(Demonstrativer Beifall bei Abgeordneten der SPD und des BÜNDNISSES 90/DIE GRÜNEN – Tarek Al-Wazir (BÜNDNIS 90/DIE GRÜNEN): Natürlich!)
Langsam. Herr Rudolph, ich kenne die Funktionen des parlamentarischen Geschäftsführers. Aber manchmal ist es klug, einen kleinen Moment zu warten. Ich zitiere gleich etwas.
Wenn es dabei geblieben wäre – bei Ihrer damaligen Entscheidung –, dann wäre am 18. März 2011 Biblis stillgelegt gewesen.

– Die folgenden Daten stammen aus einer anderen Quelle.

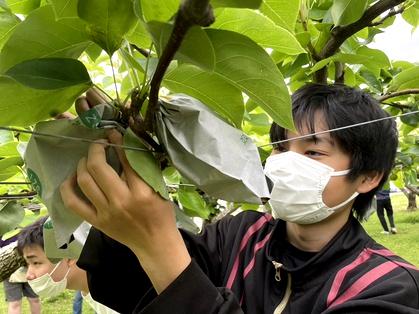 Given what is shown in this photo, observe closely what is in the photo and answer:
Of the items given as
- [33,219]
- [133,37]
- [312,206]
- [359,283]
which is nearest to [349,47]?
[312,206]

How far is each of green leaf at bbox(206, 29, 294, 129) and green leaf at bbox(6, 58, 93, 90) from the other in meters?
0.15

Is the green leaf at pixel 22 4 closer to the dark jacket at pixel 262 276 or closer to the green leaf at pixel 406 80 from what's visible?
the dark jacket at pixel 262 276

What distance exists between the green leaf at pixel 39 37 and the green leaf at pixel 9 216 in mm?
794

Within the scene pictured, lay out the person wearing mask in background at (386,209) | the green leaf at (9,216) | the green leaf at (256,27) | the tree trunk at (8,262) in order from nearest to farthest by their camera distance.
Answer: the green leaf at (256,27) → the green leaf at (9,216) → the tree trunk at (8,262) → the person wearing mask in background at (386,209)

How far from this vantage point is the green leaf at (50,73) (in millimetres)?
489

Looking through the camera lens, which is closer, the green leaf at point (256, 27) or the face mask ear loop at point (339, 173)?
the green leaf at point (256, 27)

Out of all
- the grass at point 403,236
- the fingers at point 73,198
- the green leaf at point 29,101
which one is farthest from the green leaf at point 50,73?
the grass at point 403,236

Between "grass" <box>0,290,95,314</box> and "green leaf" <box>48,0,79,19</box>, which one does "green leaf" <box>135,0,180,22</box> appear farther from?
"grass" <box>0,290,95,314</box>

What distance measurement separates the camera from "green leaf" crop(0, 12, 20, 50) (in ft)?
2.15

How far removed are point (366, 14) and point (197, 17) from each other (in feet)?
2.04

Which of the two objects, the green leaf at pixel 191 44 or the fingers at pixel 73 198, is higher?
the green leaf at pixel 191 44

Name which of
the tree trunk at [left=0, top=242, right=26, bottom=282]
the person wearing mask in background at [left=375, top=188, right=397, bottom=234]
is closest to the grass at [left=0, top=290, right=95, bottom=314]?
the tree trunk at [left=0, top=242, right=26, bottom=282]

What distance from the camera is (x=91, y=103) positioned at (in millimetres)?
575

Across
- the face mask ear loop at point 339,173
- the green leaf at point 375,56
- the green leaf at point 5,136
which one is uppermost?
the green leaf at point 375,56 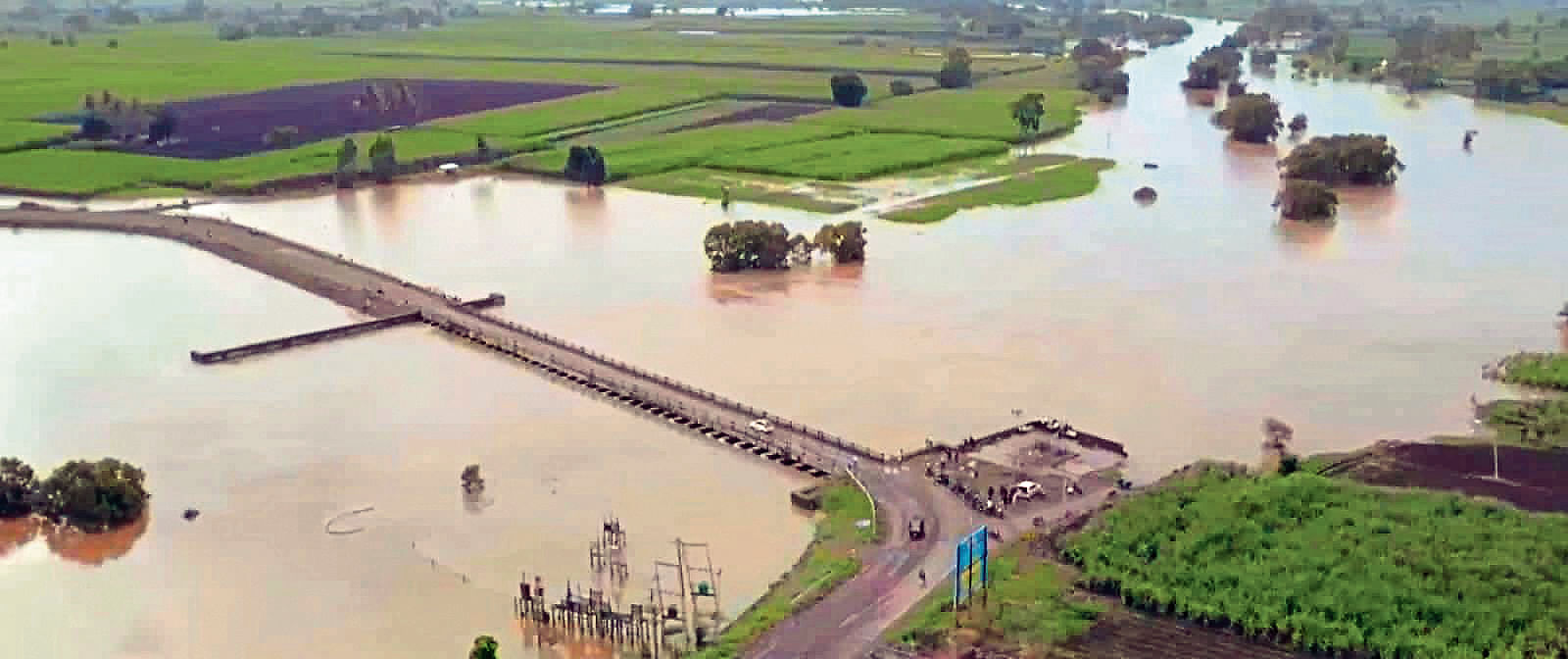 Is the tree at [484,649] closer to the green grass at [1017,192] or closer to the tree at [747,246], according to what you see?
the tree at [747,246]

Ich lasse Ihnen eines nicht durchgehen. – Warum, kann ich Ihnen sagen, damit Sie es wenigstens heute richtig aufnehmen.
Ein Gegenstand Ihres damaligen Kompromisses mit der Atomwirtschaft war unter anderem die Möglichkeit, Reststrommengen von einem Meiler auf einen anderen zu übertragen.
Genau das hat RWE gemacht. Genau das hat dazu geführt, dass – ohne irgendeine Änderung und völlig unabhängig von dem, was Rot und Grün bzw. CDU/CSU und FDP später im Bundestag beschlossen haben, allein auf der Grundlage des rot-grünen Beschlusses aus dem Jahr 2000 oder 2001, wann auch immer – Biblis zu diesem Zeitpunkt noch gelaufen wäre; denn RWE hat immer erklärt, dass es die Reststrommengenverlagerung nutzen werde.
Als das Unglück geschah, ist dieses Kraftwerk nicht gelaufen, weil es irgendeinen Rücknahmebeschluss gab, sondern es ist auf der Rechtsgrundlage gelaufen, die Sie seinerzeit ermöglicht haben. Genau das muss man einmal sagen.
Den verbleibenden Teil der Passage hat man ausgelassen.